_DATA PROVIDED_:
********
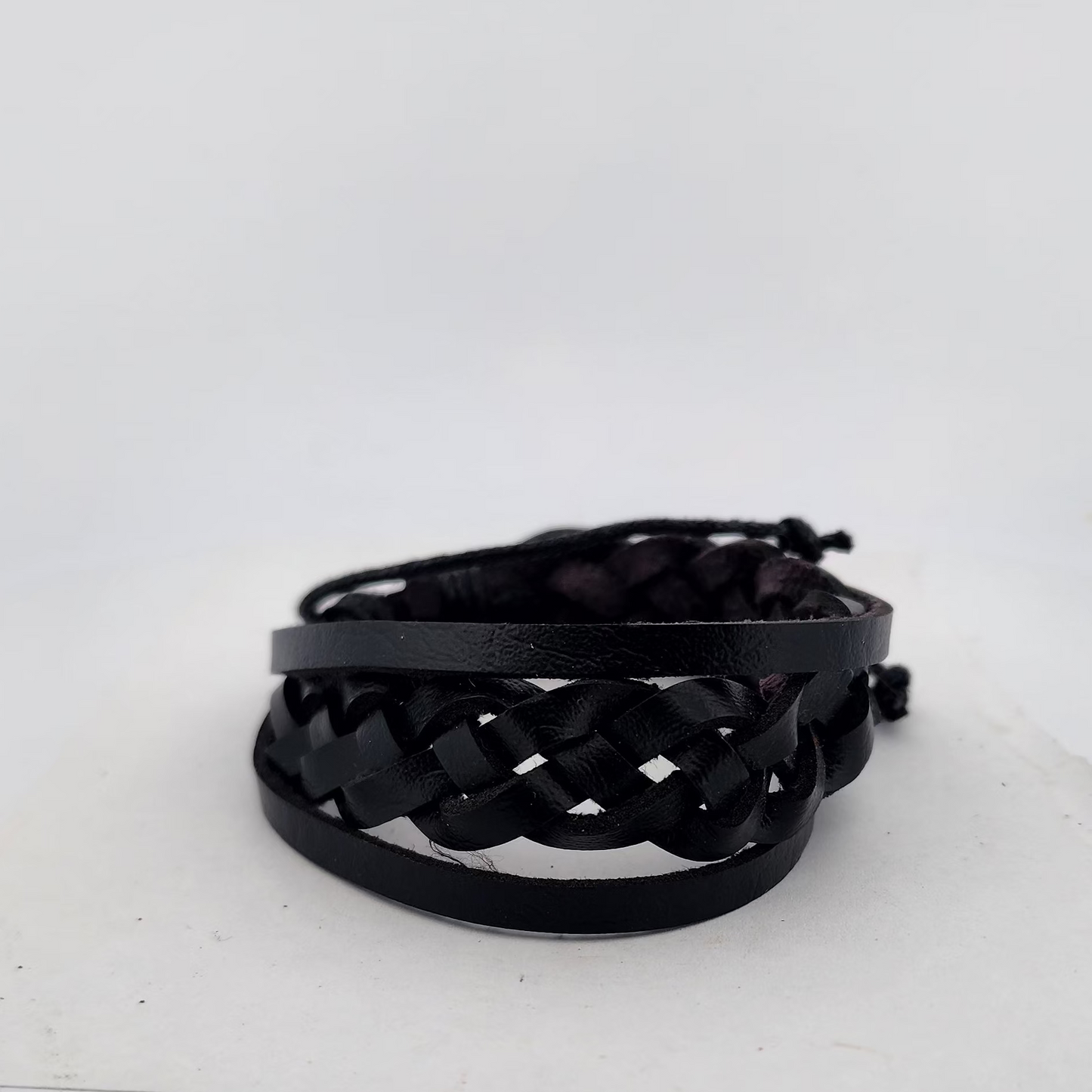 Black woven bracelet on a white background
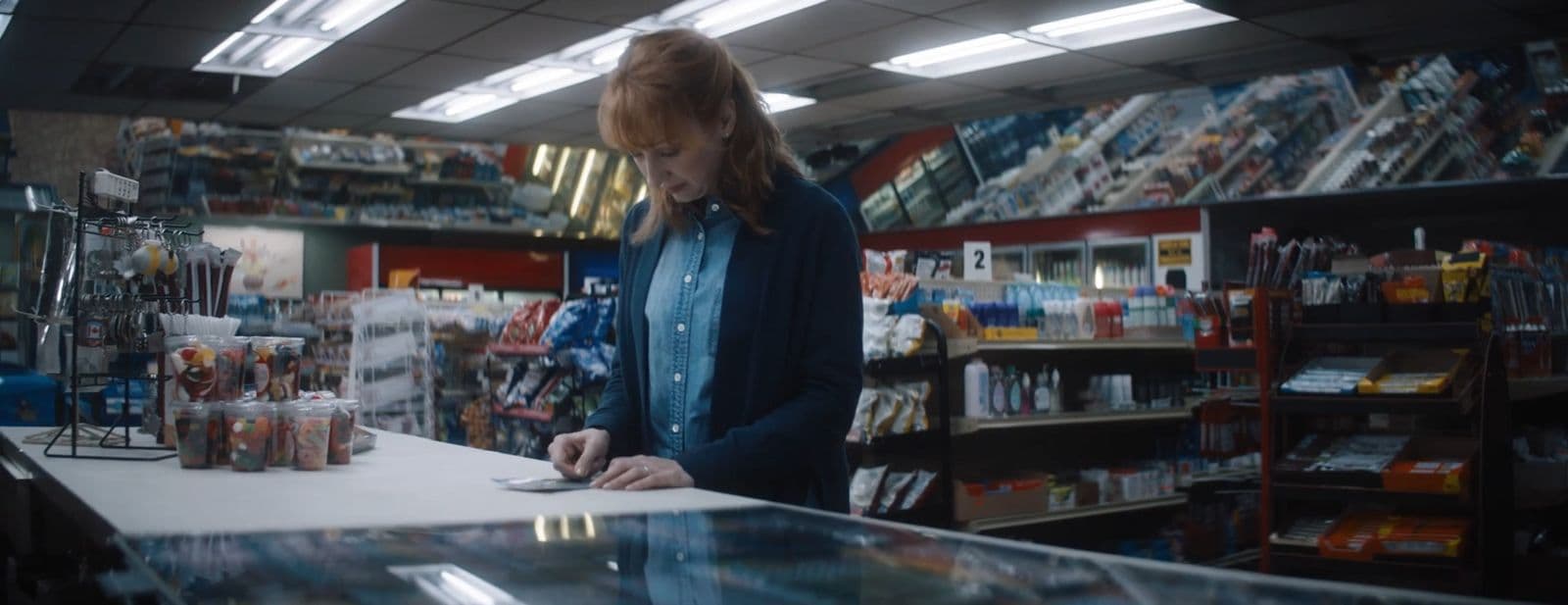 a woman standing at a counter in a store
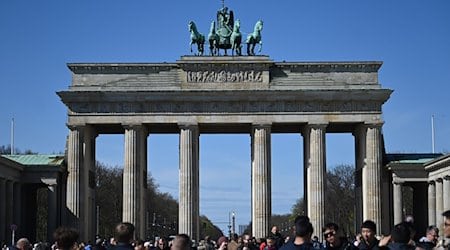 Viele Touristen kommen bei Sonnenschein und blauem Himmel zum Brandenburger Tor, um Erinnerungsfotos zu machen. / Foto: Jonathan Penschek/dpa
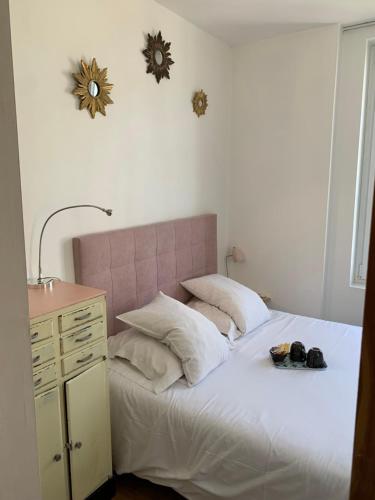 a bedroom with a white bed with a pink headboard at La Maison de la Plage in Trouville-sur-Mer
********
_DIRECTIONS FOR THIS TASK_: Counting the line with "a woman standing at a counter in a store" and the last line of the data above, transcribe those two lines and every line between them exactly, without the pictures.

_ANSWER TO THIS TASK_:
 a woman standing at a counter in a store
 Viele Touristen kommen bei Sonnenschein und blauem Himmel zum Brandenburger Tor, um Erinnerungsfotos zu machen. / Foto: Jonathan Penschek/dpa
 a bedroom with a white bed with a pink headboard at La Maison de la Plage in Trouville-sur-Mer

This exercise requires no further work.